Call the integratePeaks function with the rip_saturation_threshold parameter set to your chosen cutoff value (e.g., 0.1 for 10% saturation tolerance). This threshold controls the fraction of RIP signal saturation that peaks can tolerate before being excluded during integration. Peaks exceeding this saturation fraction will be filtered out, reducing noise but potentially losing weak signal.

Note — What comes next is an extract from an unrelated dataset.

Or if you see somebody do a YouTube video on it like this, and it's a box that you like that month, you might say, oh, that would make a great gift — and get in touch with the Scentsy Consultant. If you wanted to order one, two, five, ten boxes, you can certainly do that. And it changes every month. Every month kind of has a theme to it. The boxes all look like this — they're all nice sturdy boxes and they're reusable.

After integration, execute peakTable to extract the resulting peak intensity matrix; inspect the number of NA entries and the ratio of retained peaks to original detections to confirm the threshold was appropriate for your data quality requirements.

## Related tools

- **GCIMS** (R package providing integratePeaks and peakTable functions for GC-IMS preprocessing) — https://github.com/sipss/GCIMS
- **R** (runtime environment for executing GCIMS workflow functions)

## Examples

```
integrated_result <- integratePeaks(peak_clusters, integration_size_method = 'fixed_size', rip_saturation_threshold = 0.1); peak_table_matrix <- peakTable(integrated_result)
```

## Evaluation signals

- Verify that the returned peak_table_matrix has dimensions consistent with your sample count (columns) and detected peak clusters (rows)
- Check that the number of NA entries in the matrix is reasonable for your RIP threshold choice; higher thresholds should yield fewer NAs
- Compare the count of retained peaks against the original peak detection output to confirm saturation filtering was applied
- Examine a sample of intensity values to confirm they are numeric and fall within the expected dynamic range for your GC-IMS instrument
- Confirm that downstream imputation and statistical analysis steps run without error on the returned matrix

## Limitations

- The rip_saturation_threshold parameter is global across all samples; if RIP saturation varies strongly between samples, a single threshold may over-filter some samples or under-filter others
- Peaks excluded due to saturation cannot be recovered; no metadata is retained about which peaks were filtered, complicating post-hoc sensitivity analysis
- The NA entries in the resulting peak_table_matrix require imputation in downstream steps; the choice of imputation method can influence downstream statistical conclusions

## Evidence

- [other] integration_size_method and rip_saturation_threshold parameters control peak integration: "Execute integratePeaks function with integration_size_method set to 'fixed_size' and rip_saturation_threshold parameter set to 0.1"
- [other] peakTable produces matrix with rows as clusters, columns as samples, containing intensities and NAs: "The peakTable function produces a peak_table_matrix with rows representing clusters and columns representing samples, containing intensity values with some entries as NA that require imputation."
- [intro] Pressure and temperature fluctuations cause misalignments that require correction before peak integration: "Pressure and temperature fluctuations as well as degradation of the chromatographic column are some of the causes of misalignments in the data, both in retention and drift time"
- [other] GCIMS workflow requires baseline correction before peak integration: "Load the preprocessed GC-IMS dataset (after alignment and baseline correction) into R using the GCIMS package."